Dire que les difficultés sont liées à la responsabilité du poste sous-entendrait que les femmes ne pourraient pas occuper de hauts postes... De même, être une femme n'est pas un frein en soi. Maintenant, il est clair que dans des sociétés où on considère que la responsabilité du foyer incombe uniquement à la femme ou que les femmes n'ont pas les qualités nécessaires pour assumer des postes de responsabilité... être une femme peut être un «handicap» parce que les femmes s'autocensurent elles-mêmes de par leur éducation. Elles peuvent être également confrontées à plus d'obstacles et bénéficier de moins de soutien qu'un homme.
Encore une fois, heureusement nous avons plusieurs contre-exemples de belles réussites féminines qui peuvent être une source d'inspiration pour les jeunes femmes. La présidente du patronat marocain est une femme, sans compter les nombreuses femmes entrepreneurs, ministres, ambassadeurs, sportives, scientifiques qui assument des rôles qui étaient exclusivement réservés aux hommes...

À votre avis, pourquoi ne trouve-t-on pas assez de femmes dans les conseils d'administration ?
Nous avons un héritage sociologique. Et il faut encore un peu de temps pour que la question du genre ne soit plus un débat.

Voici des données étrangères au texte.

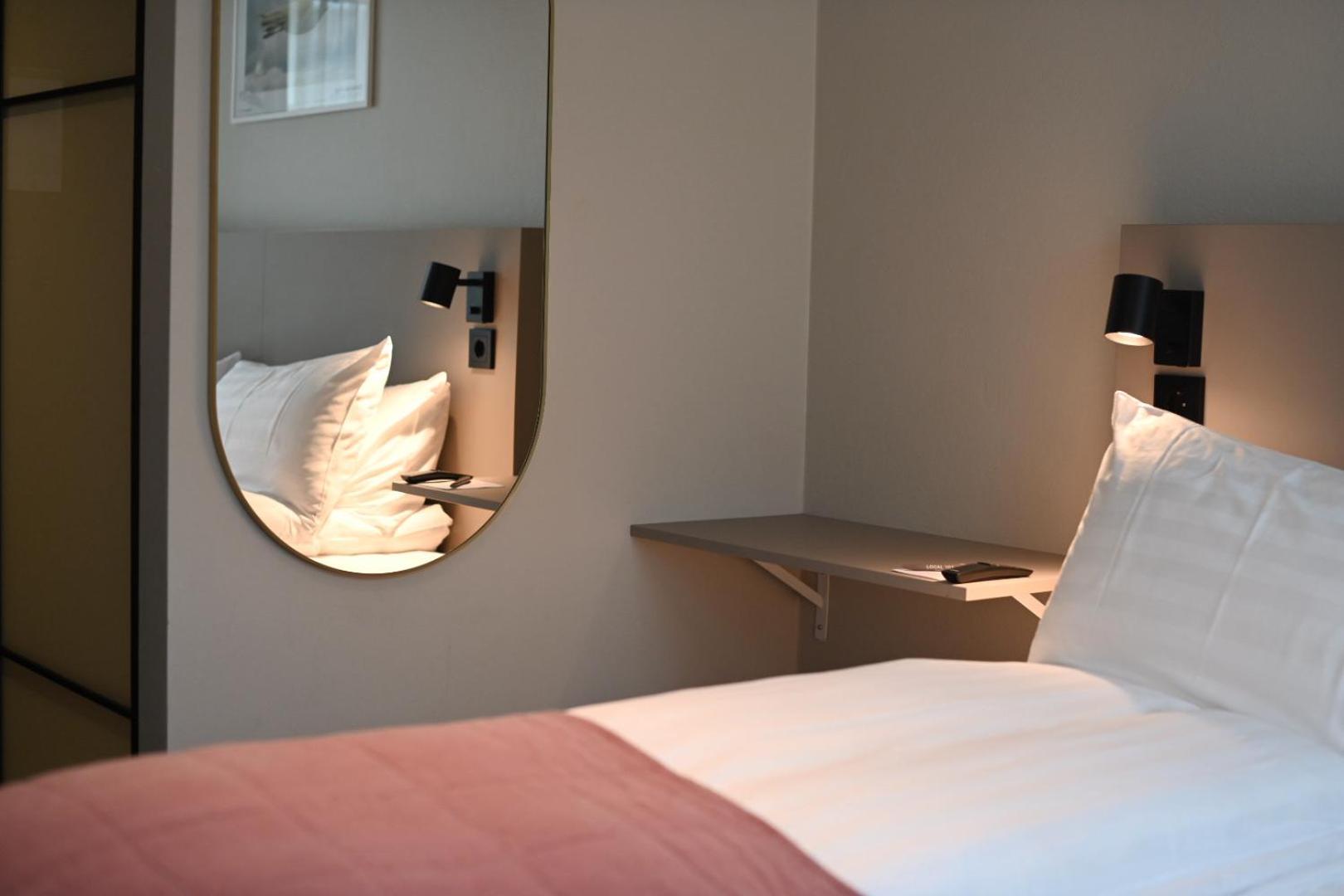Doppel- oder Zweibettzimmer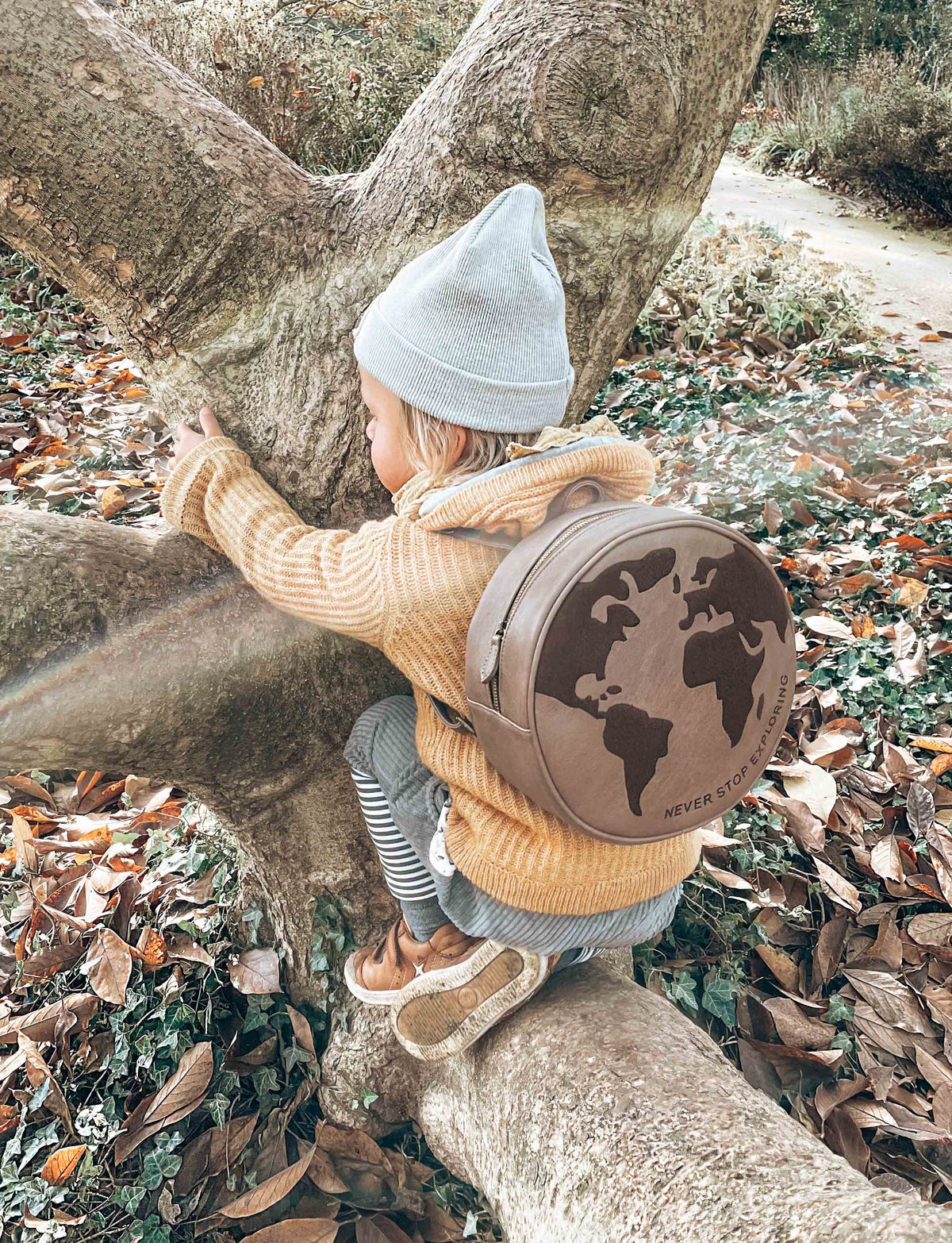 Little Who Rucksack Weltkugel Kolumbus groß in Vintage Braun – 5-Liter-Kinder-Rucksack in veganer Lederoptik mit Weltkugelmotiv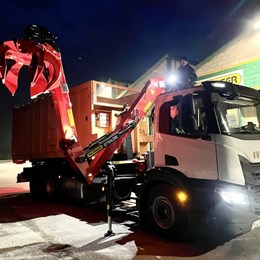 moressasrl_specialistidelsollevamento_iveco_xway_3assi_caricatore_epsilon_palfinger_scarrabile_guimatrag_trivalcart_rifiuto_riciclo_compattatore_rozzi_ragno.jpg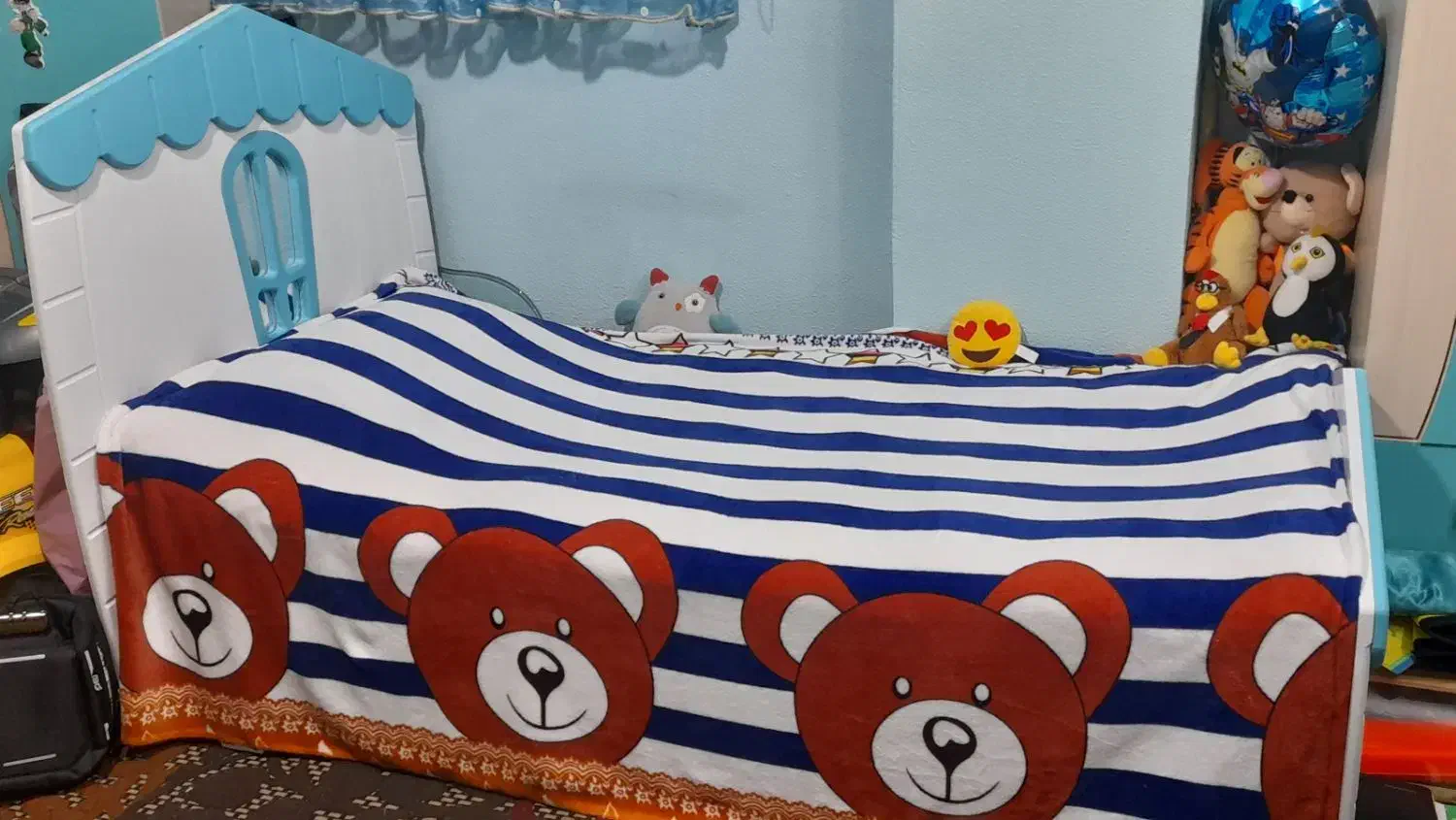 تخت نوجوان در حد نو|تخت و سرویس خواب|شاهین‌شهر, شهرک ردانی پور|دیوار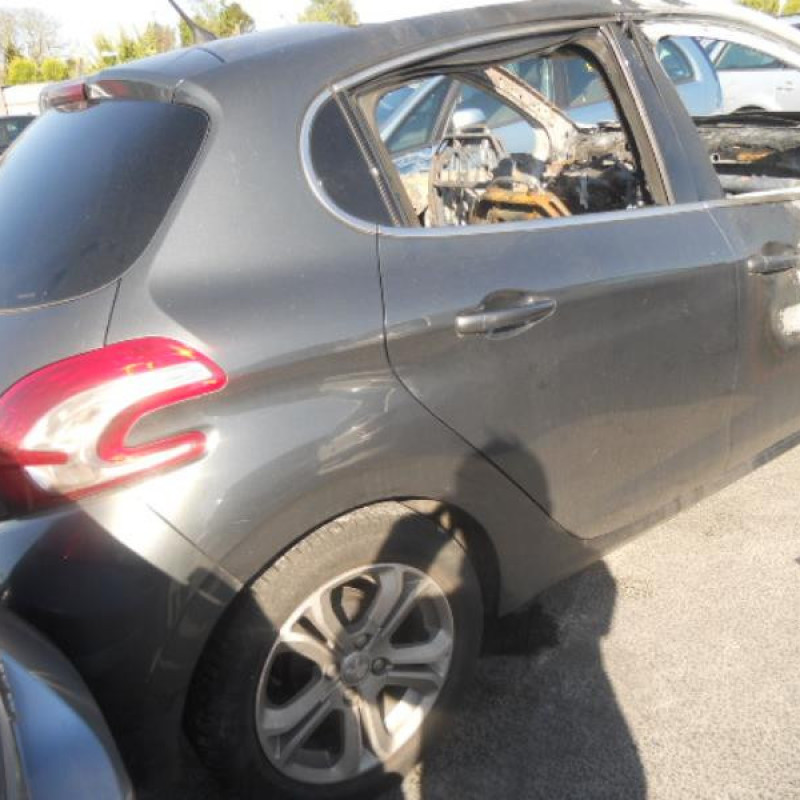 Trappe d'essence PEUGEOT 208 1 Photo n°3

Il faut soutenir la dynamique actuelle par des mesures concrètes pour que plus de femmes évoluent vers des postes de responsabilité de manière naturelle parce qu'elles le souhaitent et qu'elles en ont les compétences. Cela passe par une évolution profonde de la société et des mesures d'encouragement à l'école et en entreprise. De plus en plus d'entreprises sont déjà dans cette démarche et mettent en place des programmes d'encouragement de la diversité ou tout simplement des programmes d'accompagnement des femmes à travers de la formation, du coaching. Et puis il y a la mise en place de réseaux de femmes et des programmes de mentoring qui permettent à celles-ci de bénéficier d'autres expériences réussies ou tout simplement de se soutenir mutuellement ! Il va sans dire que les générations d'aujourd'hui se préparent à devenir les dirigeantes de demain.